Re: Optimize SnapBuildPurgeOlderTxn: use in-place compaction instead of temporary array

From: Xuneng Zhou <xunengzhou(at)gmail(dot)com>
To: Masahiko Sawada <sawada(dot)mshk(at)gmail(dot)com>, Michael Paquier <michael(at)paquier(dot)xyz>
Cc: Kirill Reshke <reshkekirill(at)gmail(dot)com>, pgsql-hackers <pgsql-hackers(at)lists(dot)postgresql(dot)org>
Subject: Re: Optimize SnapBuildPurgeOlderTxn: use in-place compaction instead of temporary array
Date: 2025-10-23 08:17:44
Message-ID: CABPTF7X3w9zQbkakb9BmhVU1j0RNs4BoOr1sw9h0d=PU+WLm1Q@mail.gmail.com
Views: Whole Thread | Raw Message | Download mbox | Resend email
Thread:
Lists: pgsql-hackers

Hi Sawada-san, Michael,

Thanks for your comments on this patch.

On Thu, Oct 23, 2025 at 8:28 AM Masahiko Sawada <sawada(dot)mshk(at)gmail(dot)com> wrote:
>
> On Mon, Oct 20, 2025 at 11:13 PM Xuneng Zhou <xunengzhou(at)gmail(dot)com> wrote:
> >
> > Hi,
> >
> > Thanks for looking into this.
> >
> > On Tue, Oct 21, 2025 at 1:05 PM Kirill Reshke <reshkekirill(at)gmail(dot)com> wrote:
> > >
> > > On Tue, 21 Oct 2025 at 04:31, Michael Paquier <michael(at)paquier(dot)xyz> wrote:
> > > >
> > > > On Sat, Oct 18, 2025 at 01:59:40PM +0500, Kirill Reshke wrote:
> > > > > Indeed, these changes look correct.
> > > > > I wonder why b89e151054a0 did this place this way, hope we do not miss
> > > > > anything here.
> > > >
> > > > Perhaps a lack of time back in 2014? It feels like an item where we
> > > > would need to research a bit some of the past threads, and see if this
> > > > has been discussed, or if there were other potential alternatives
> > > > discussed.
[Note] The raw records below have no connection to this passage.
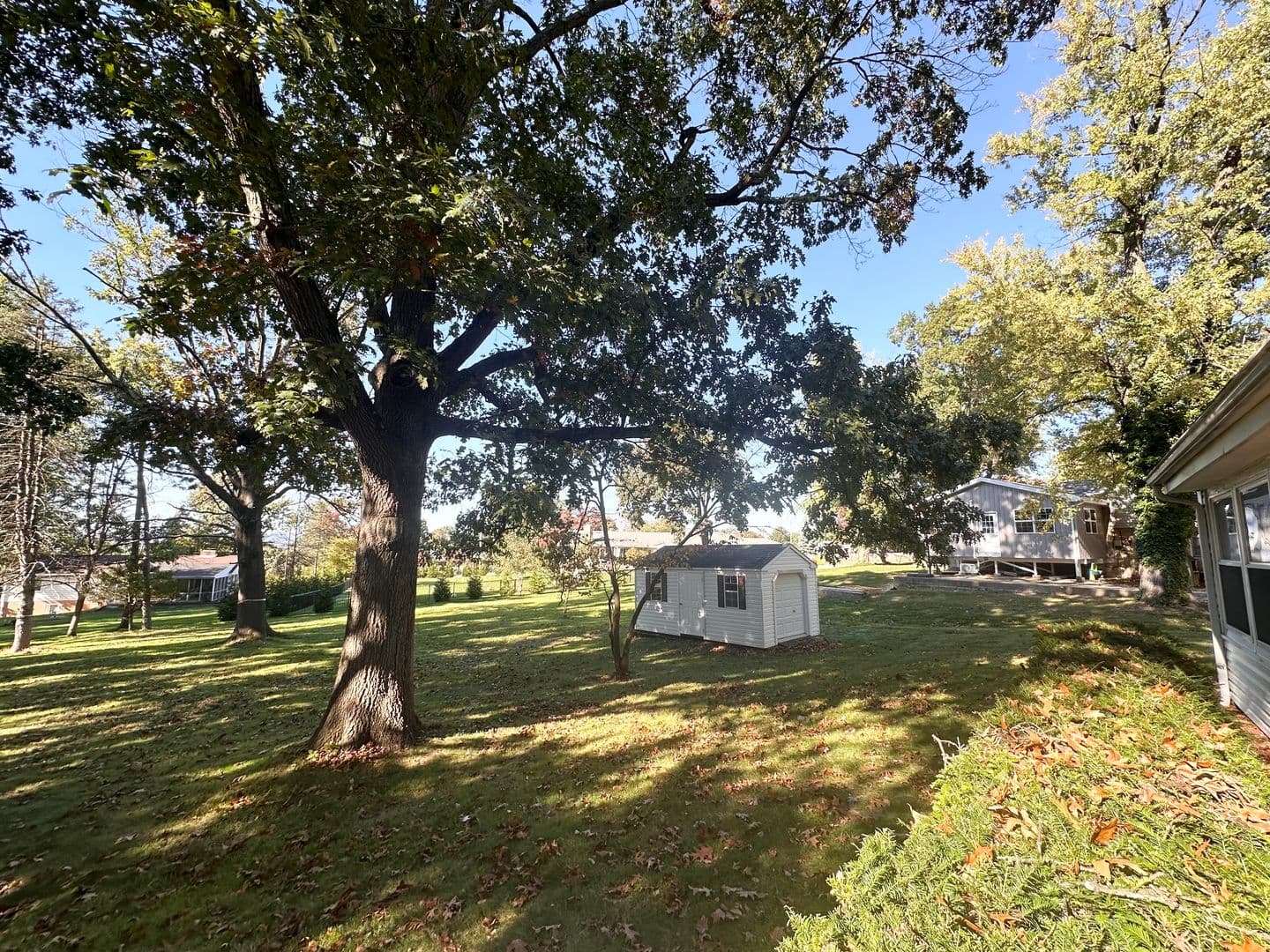 York House: 1671 Northview Rd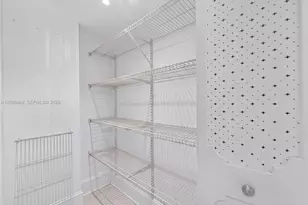 3301 N Country Club Dr, Aventura, FL 33180 - Photo 33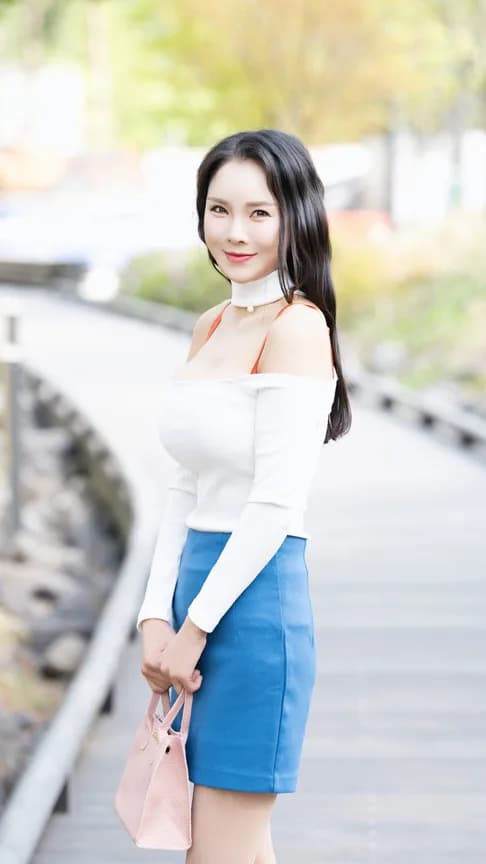 韓国美女に自慢のデカチンを見せつけたら… ヒア サンプル5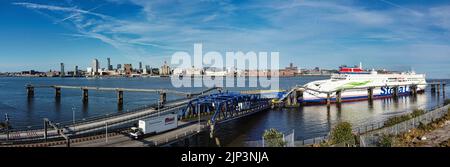 Die Skyline von liverpool und das stena-Linienschiff auf dem Fluss mersey per Drohne im Panorama Stockfoto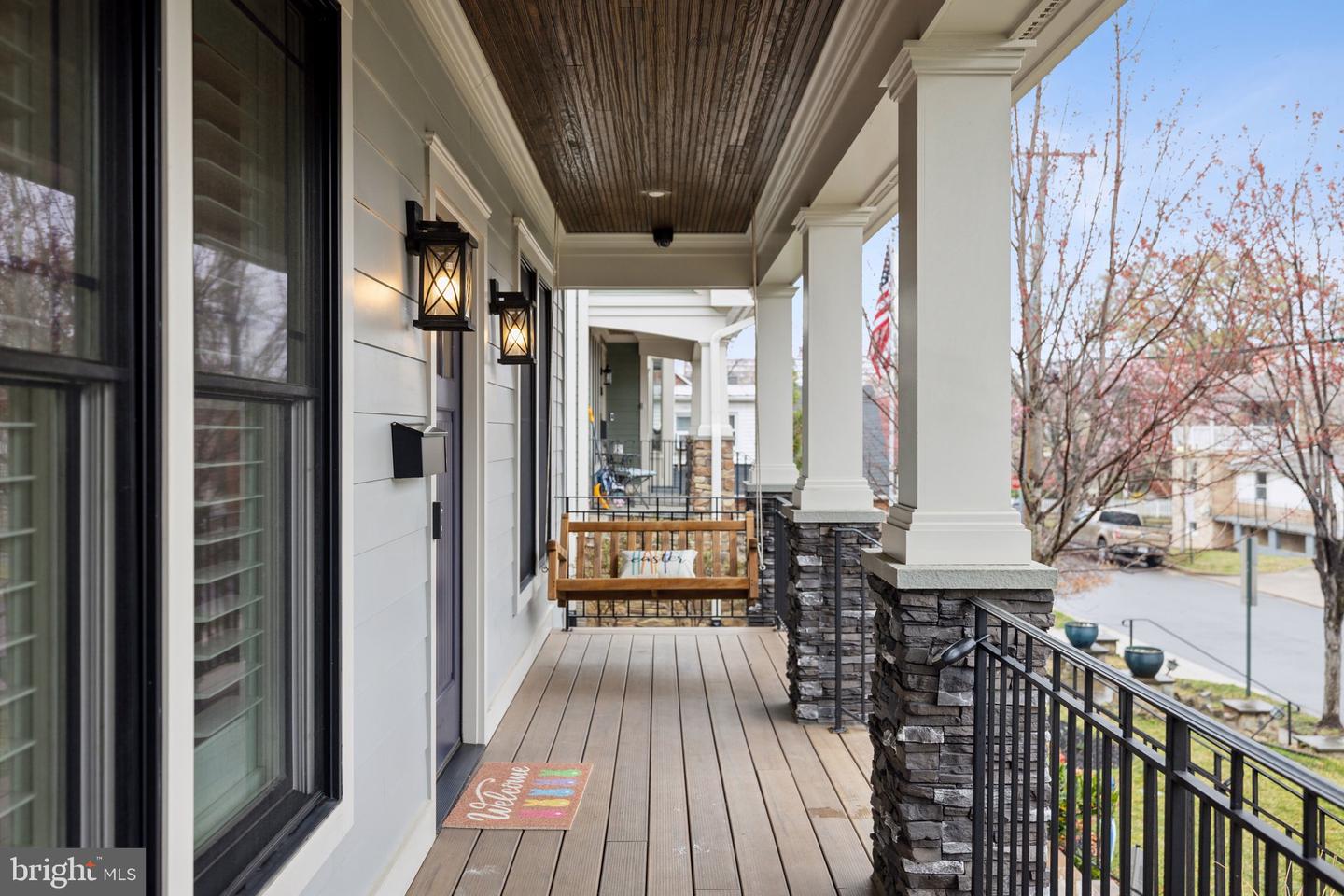 2024 S KENT ST, ARLINGTON, Virginia 22202, 7 Bedrooms Bedrooms, ,5 BathroomsBathrooms,Residential,For sale,2024 S KENT ST,VAAR2054662 MLS # VAAR2054662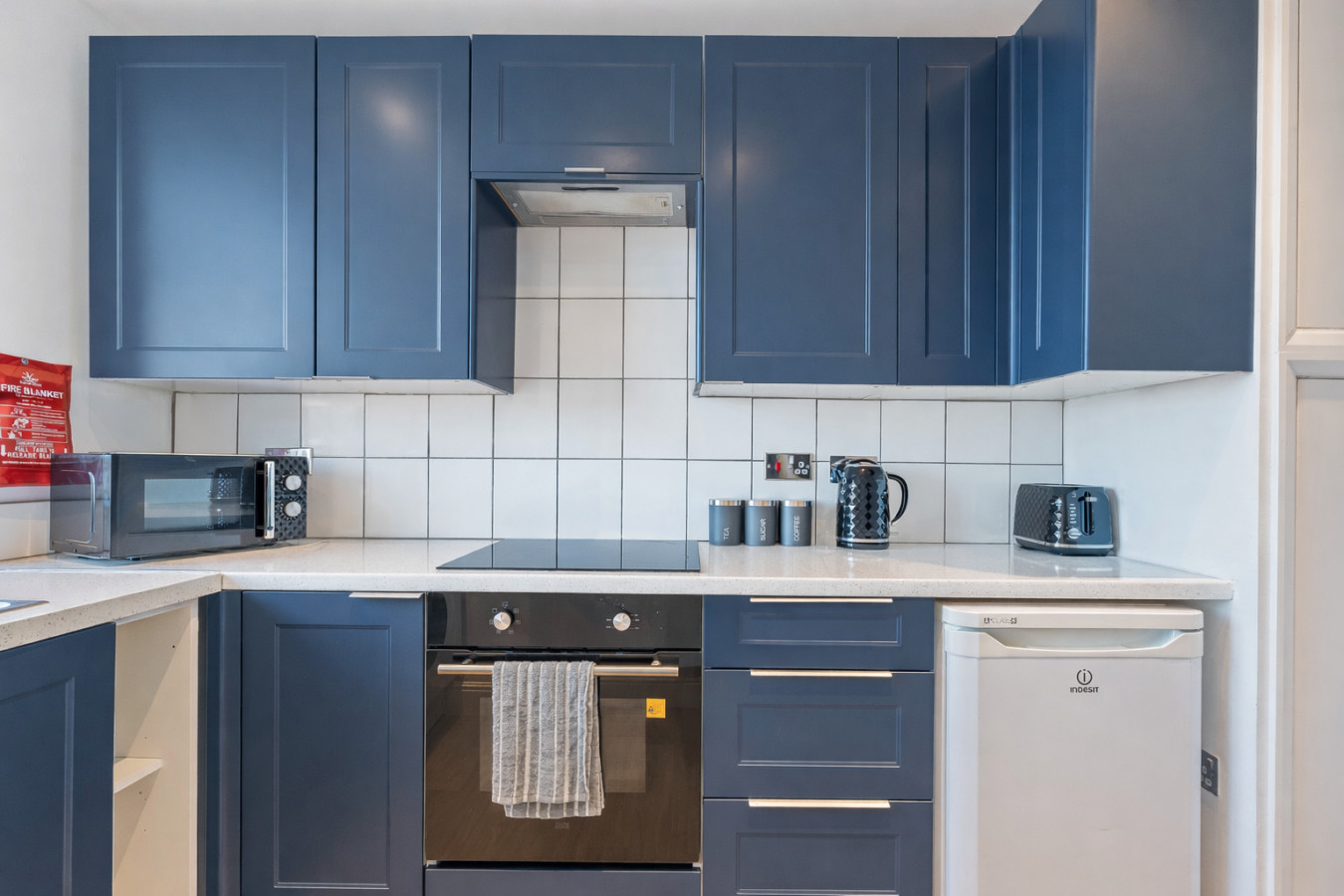 Charming Apartment • Great Location • Pool Table • Free Parking • Fast WiFi in St James Court, Saint James's Road - Property image 16 - VivreStays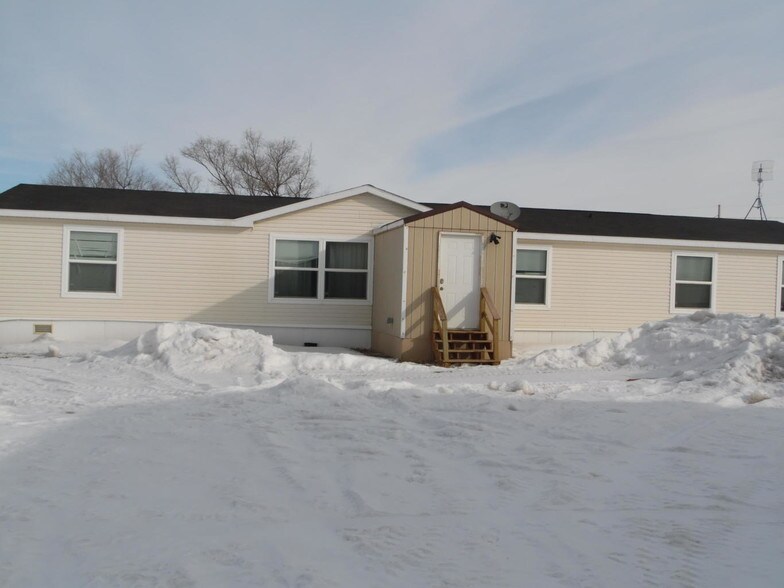 208 Highway 85 N, Grassy Butte, ND 58634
This is not saying that what you are doing in this
> > > > proposal is actually bad, but it's a bit hard to say what an
> > > > "algorithm" should look like in this specific code path with XID
> > > > manipulations. Perhaps since 2014, we may have other places in the
> > > > tree that share similar characteristics as what's done here.
> > > >
> > > > So it feels like this needs a bit more historical investigation first,
> > > > rather than saying that your proposal is the best choice on the table.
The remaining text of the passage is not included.